## REQUIREMENT:
Although pictures appear in the data, the answer should contain only the lines from its start through the line with "But what if", written out exactly.

## DATA EXTRACTS:
▼

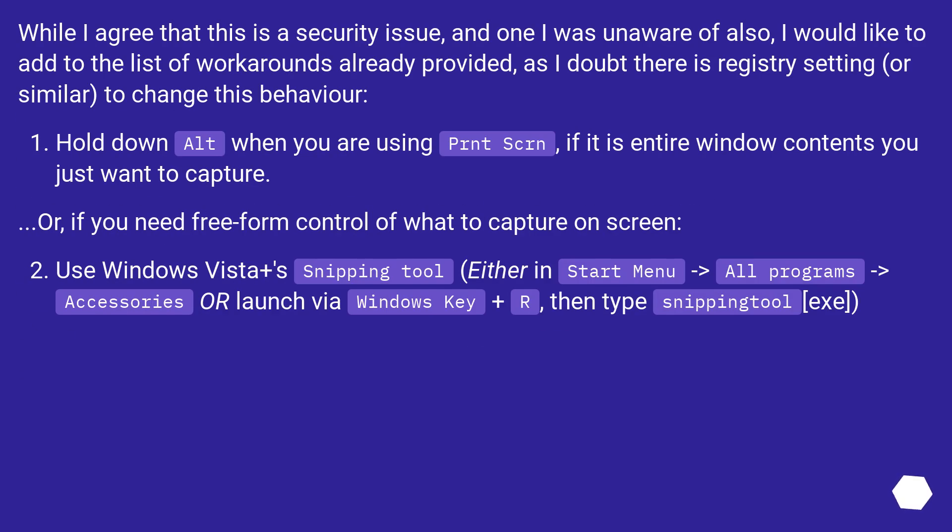While I agree that this is a security issue, and one I was unaware of also, I would like to add to the list of workarounds already provided, as I doubt there is registry setting or similar to change this behavior.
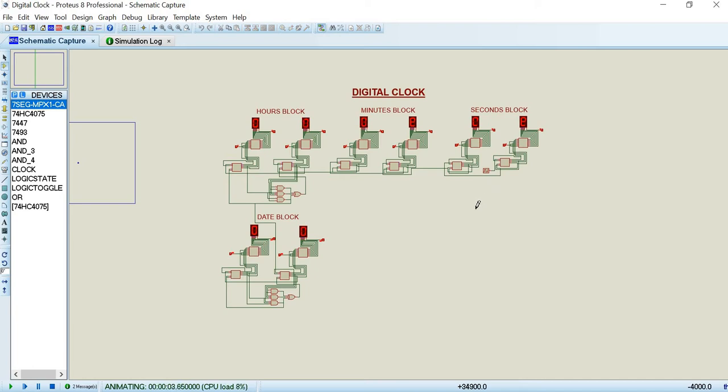We have also explained in detail the logic of the whole circuit in the report as well.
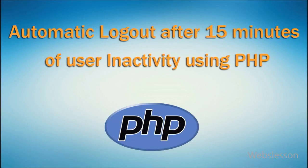Hello friends, in this video we are going to learn how to automatic logout after 15 minutes of user inactivity using PHP.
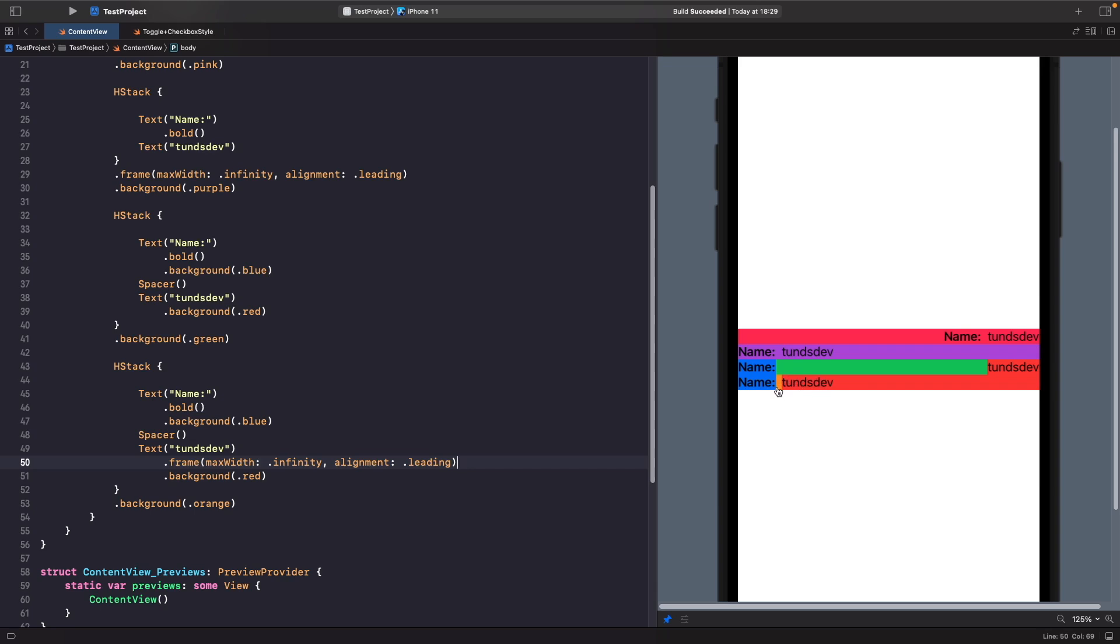But what if I want to control the space in here? You could apply padding onto this text view, but instead there's another way by using the Spacer. When you're working with Spacer, you can define the length that you want the Spacer to be. You can specify the min length.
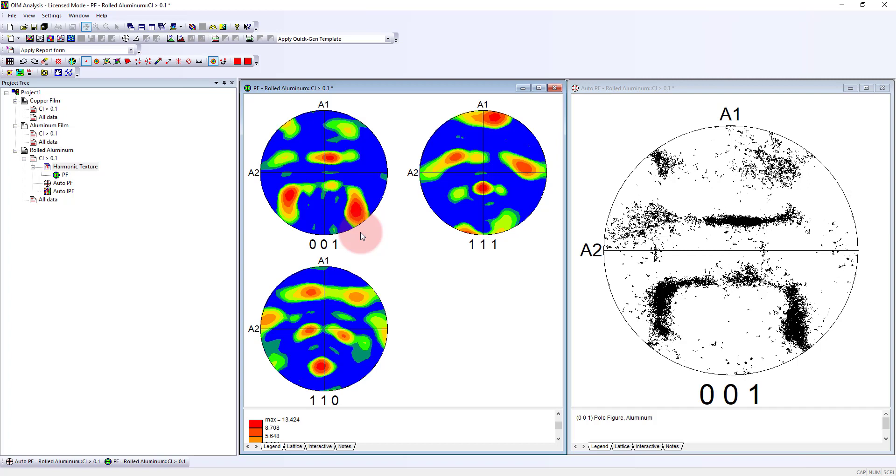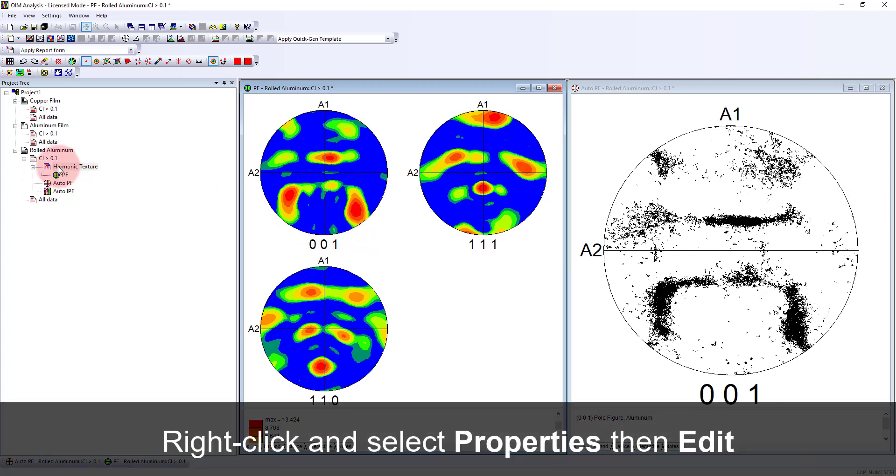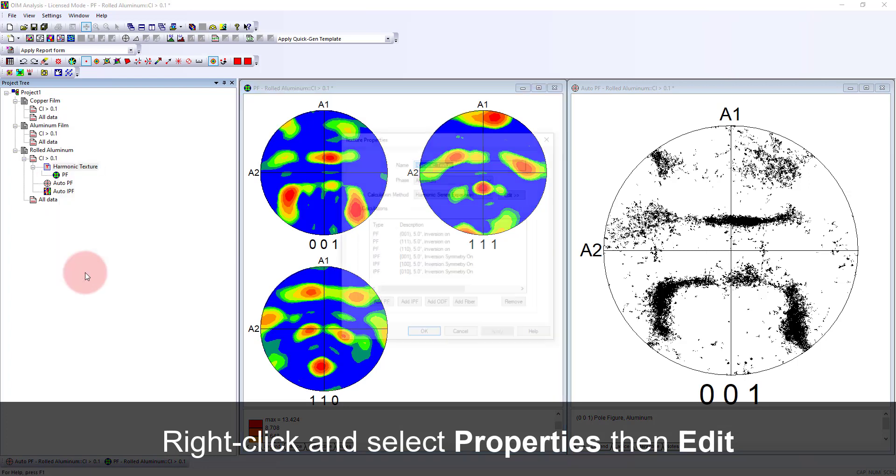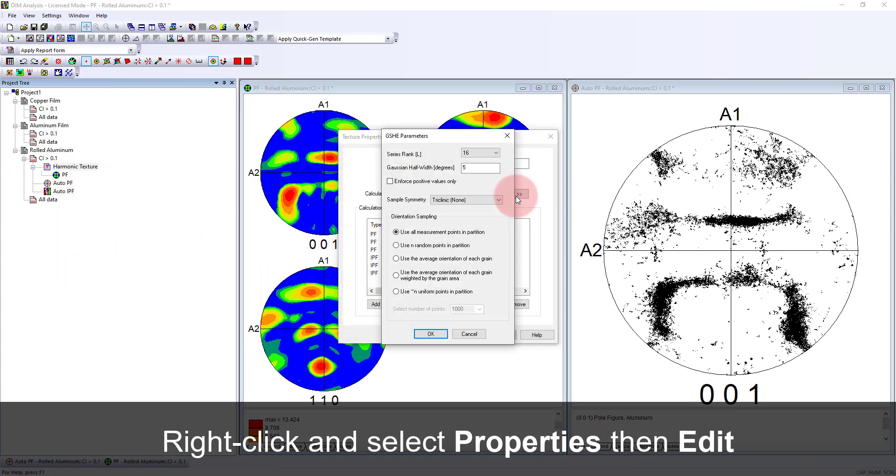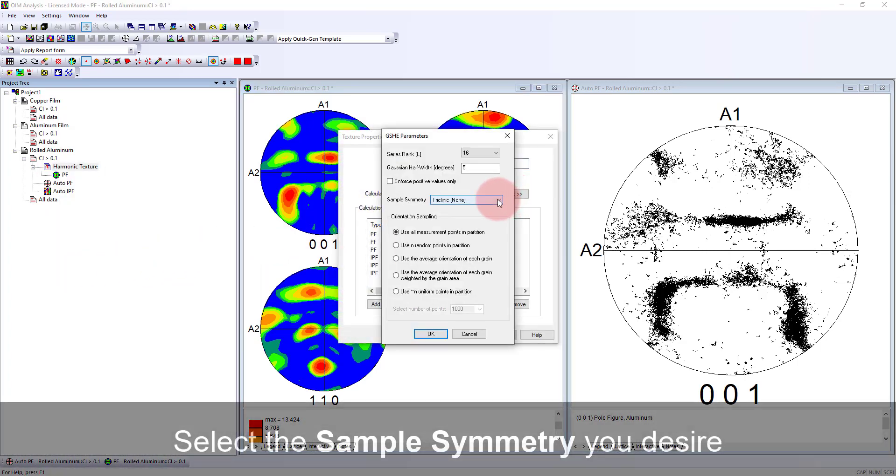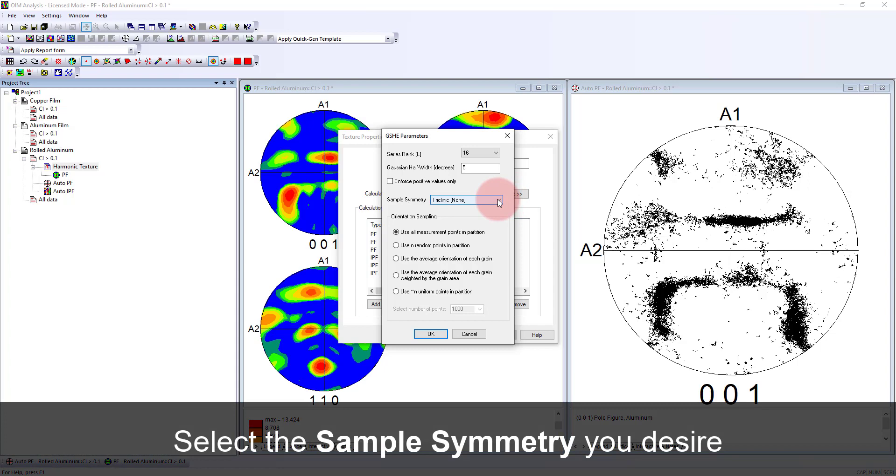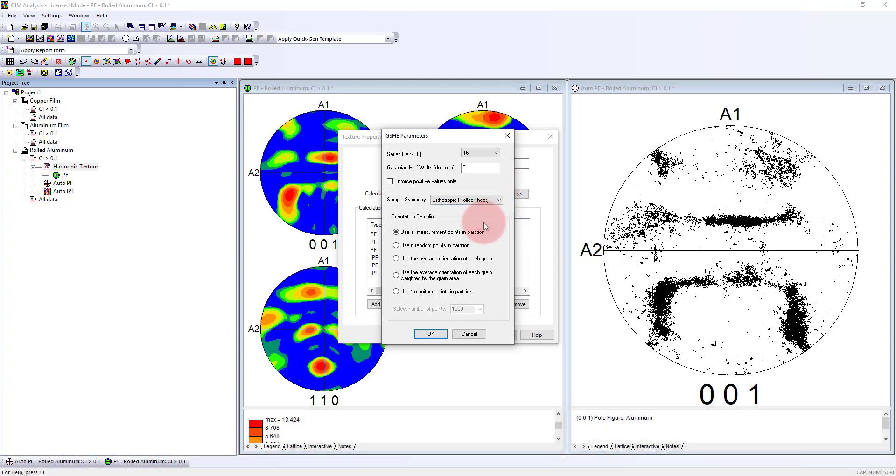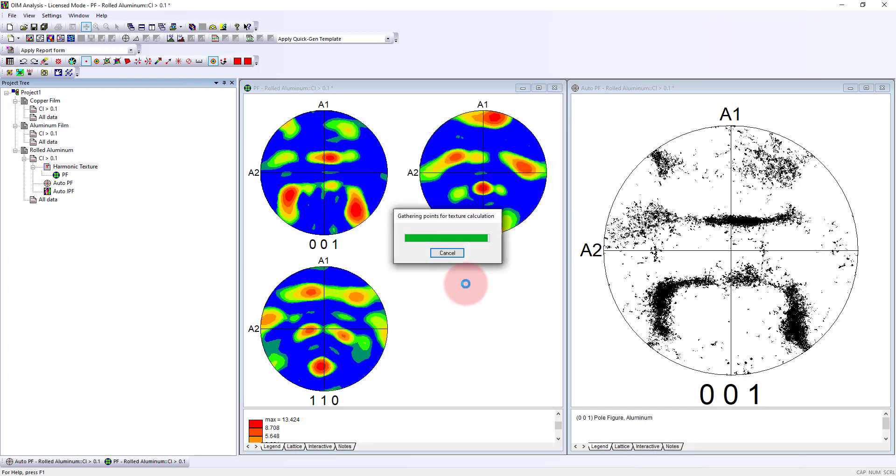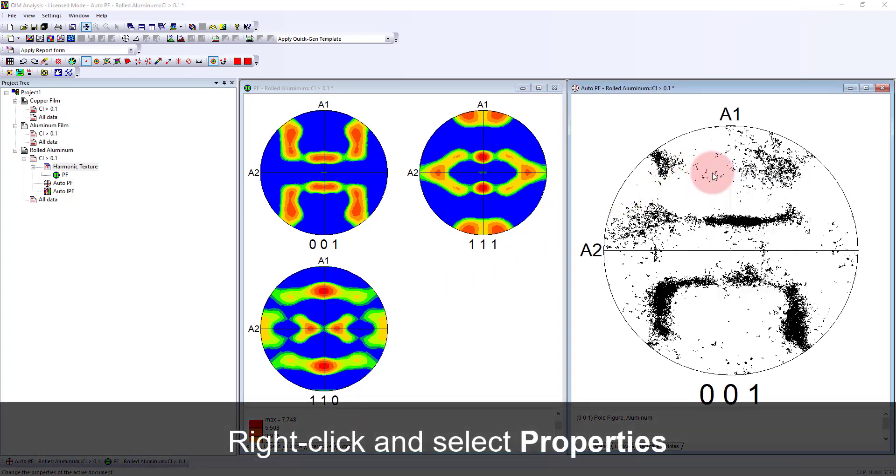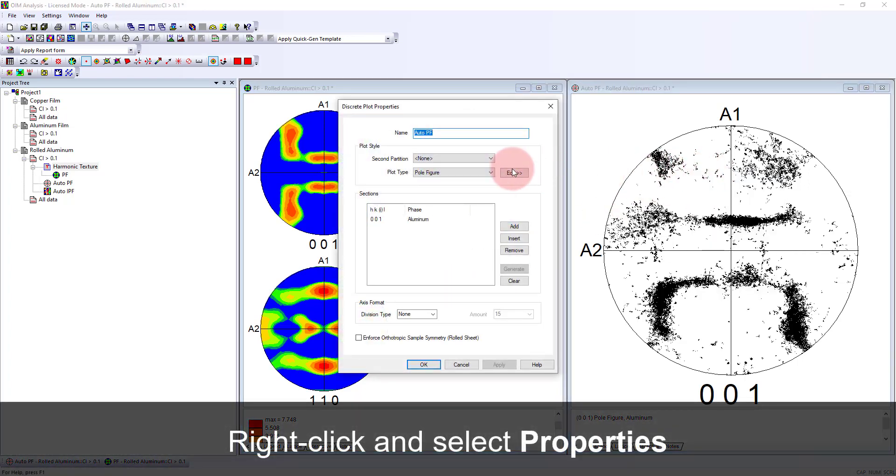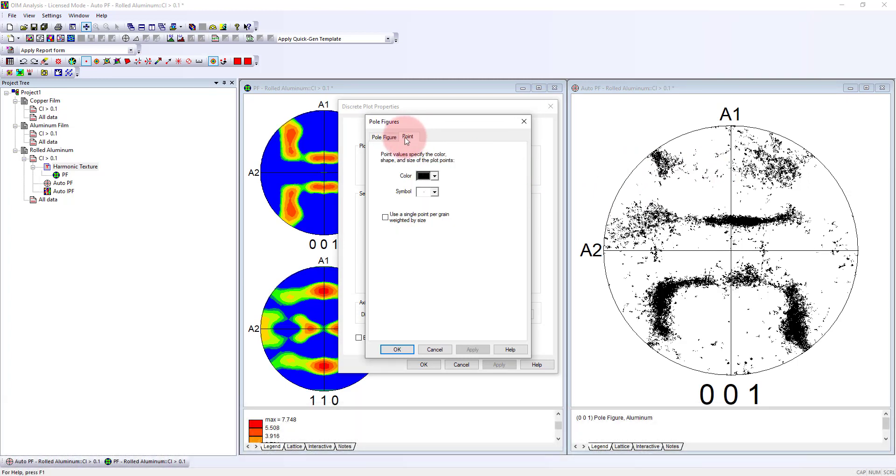One feature we're able to use, because this is a rolled material, is to apply sample symmetry. Right now there's no symmetry applied, but because we're looking at a rolled sheet, we can apply symmetry to this. It applies the symmetrically equivalent orientations to the calculation, and then we get a really nice pole figure that would be comparable to what we'd see with XRD data.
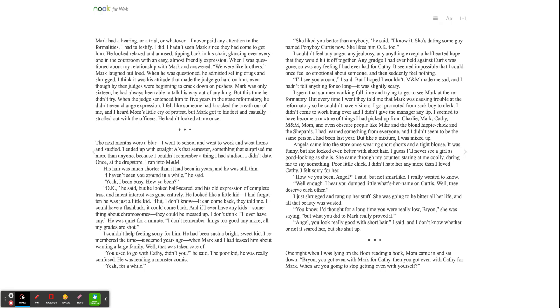The next months were a blur. I went to school and went to work and went home and studied. I ended up with straight A's that semester, something that surprised me more than anyone, because I couldn't remember a thing I had studied. I didn't date. Once at the drugstore, I ran into Eminem. His hair was much shorter than it had been in years, and he was still thin. I haven't seen you around in a while, he said. Yeah, I've been busy. How you been? Okay, he said. But he looked half scared, and his old expression of complete trust and intent interest was gone entirely. He looked like a little kid. I had forgotten he was just a little kid. But I don't know. It can come back, they told me.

▲

## ANSWER SPACE:
While I agree that this is a security issue, and one I was unaware of also, I would like to add to the list of workarounds already provided, as I doubt there is registry setting or similar to change this behavior.
We have also explained in detail the logic of the whole circuit in the report as well.
Hello friends, in this video we are going to learn how to automatic logout after 15 minutes of user inactivity using PHP.
But what if I want to control the space in here? You could apply padding onto this text view, but instead there's another way by using the Spacer. When you're working with Spacer, you can define the length that you want the Spacer to be. You can specify the min length.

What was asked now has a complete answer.